[Given material]:
○ ○ ○ ○

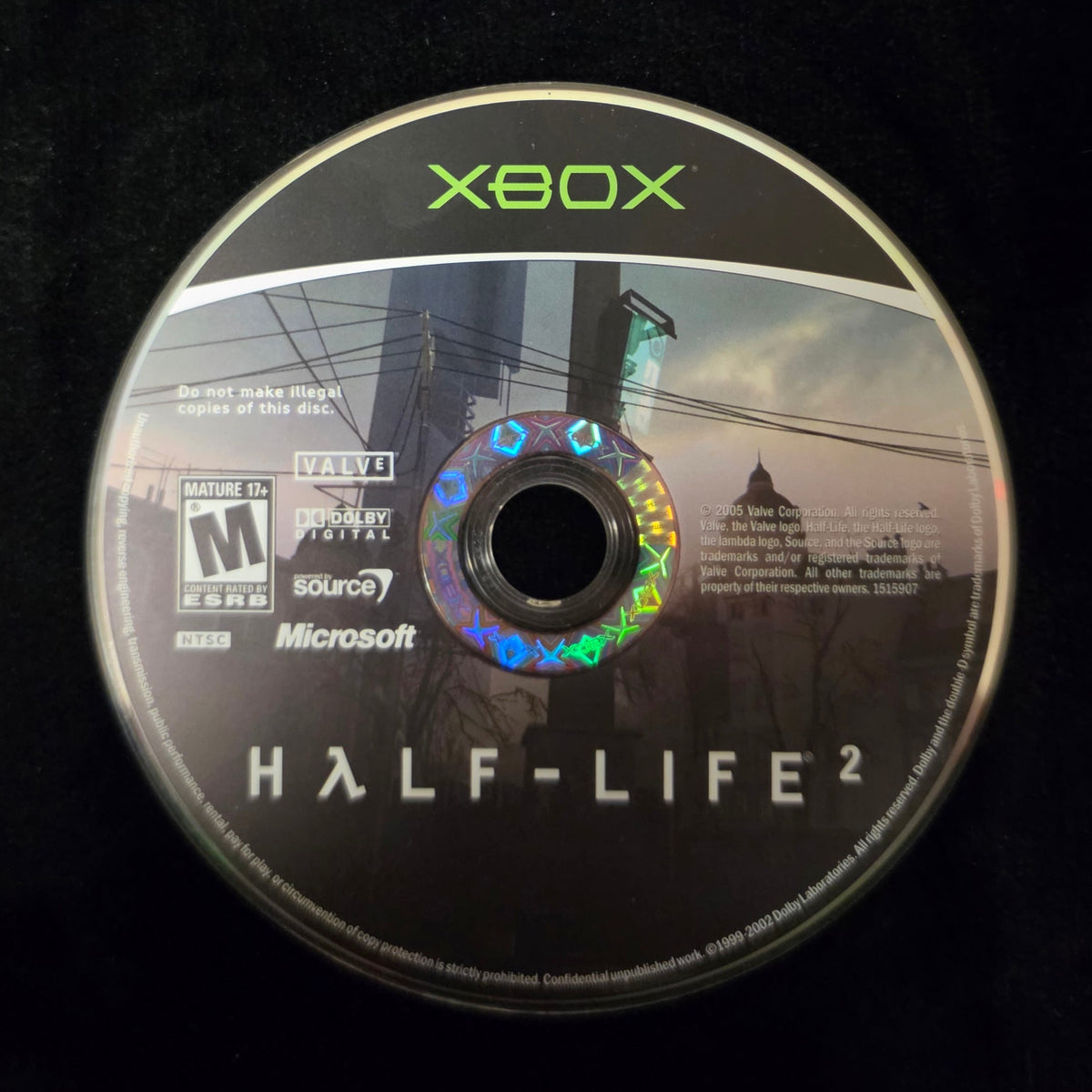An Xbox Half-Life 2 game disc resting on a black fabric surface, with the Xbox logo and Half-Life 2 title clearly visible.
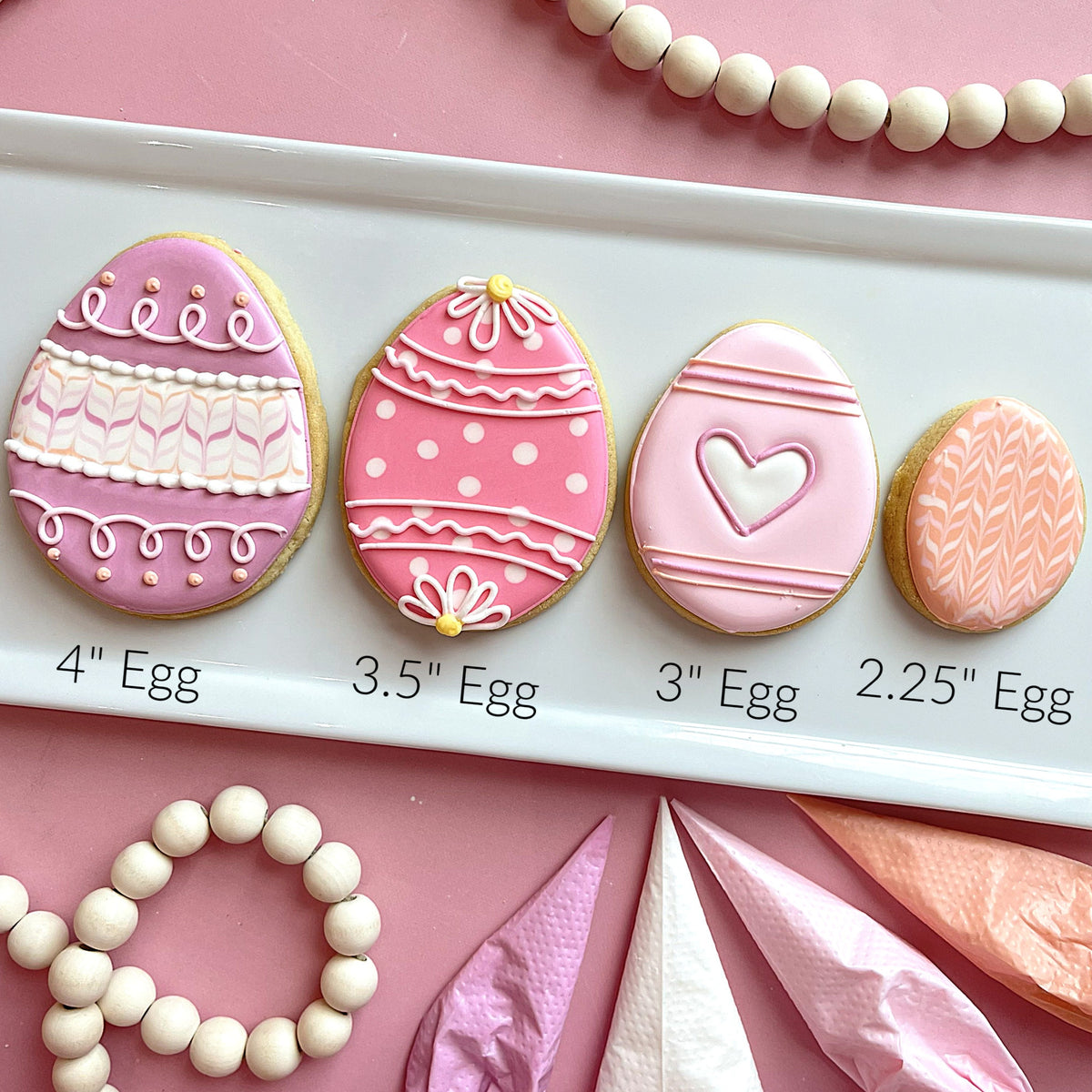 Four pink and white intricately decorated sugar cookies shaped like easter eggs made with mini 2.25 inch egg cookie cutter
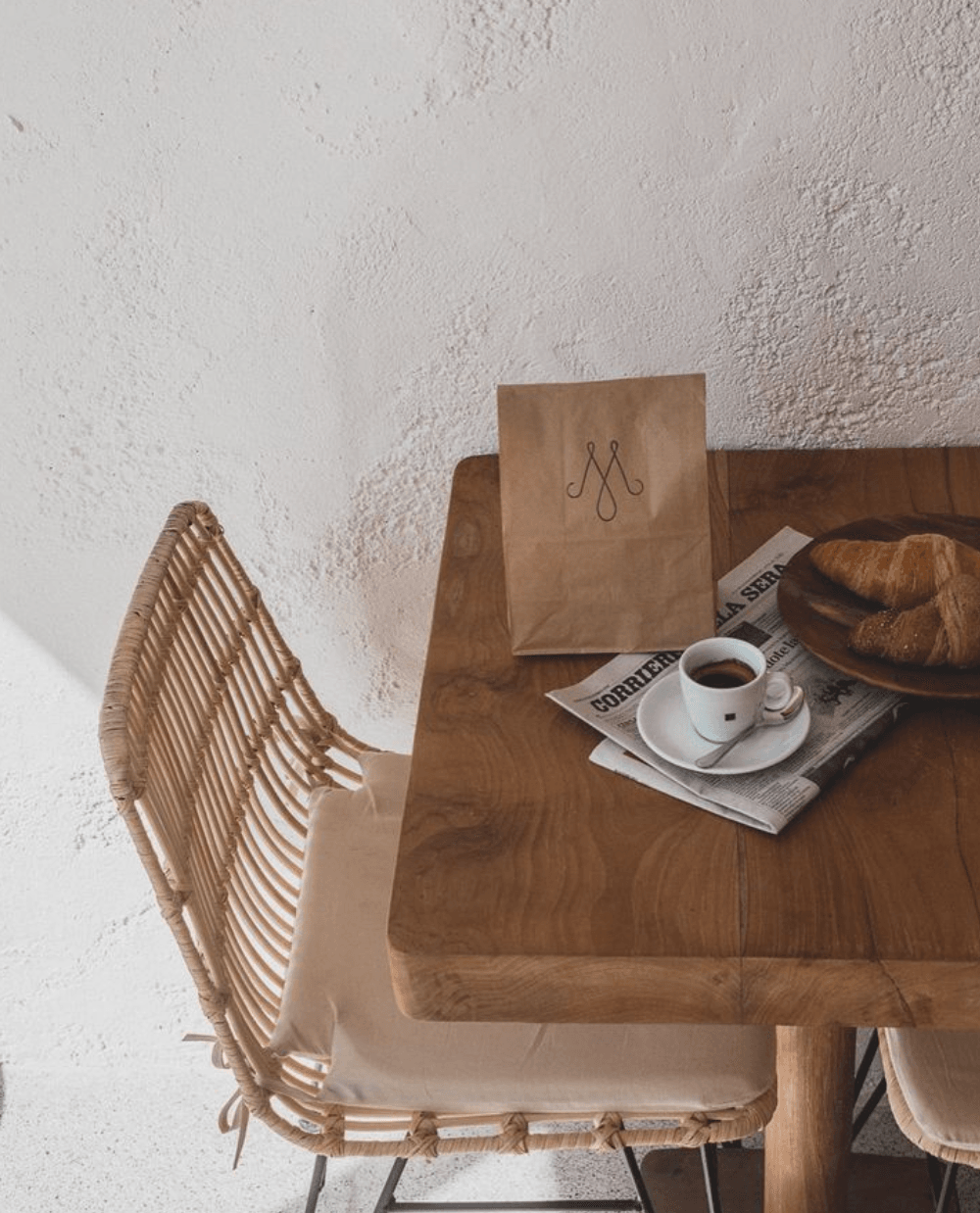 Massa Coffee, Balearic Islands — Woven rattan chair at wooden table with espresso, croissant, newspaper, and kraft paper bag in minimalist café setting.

○ ○ ○ ○

[Exercise objective]: Stop at the line containing "Four pink and" and include it. Everything from the first line of the material up to there is to be repeated exactly, leaving out pictures.

[Problem solution]:
An Xbox Half-Life 2 game disc resting on a black fabric surface, with the Xbox logo and Half-Life 2 title clearly visible.
 Four pink and white intricately decorated sugar cookies shaped like easter eggs made with mini 2.25 inch egg cookie cutter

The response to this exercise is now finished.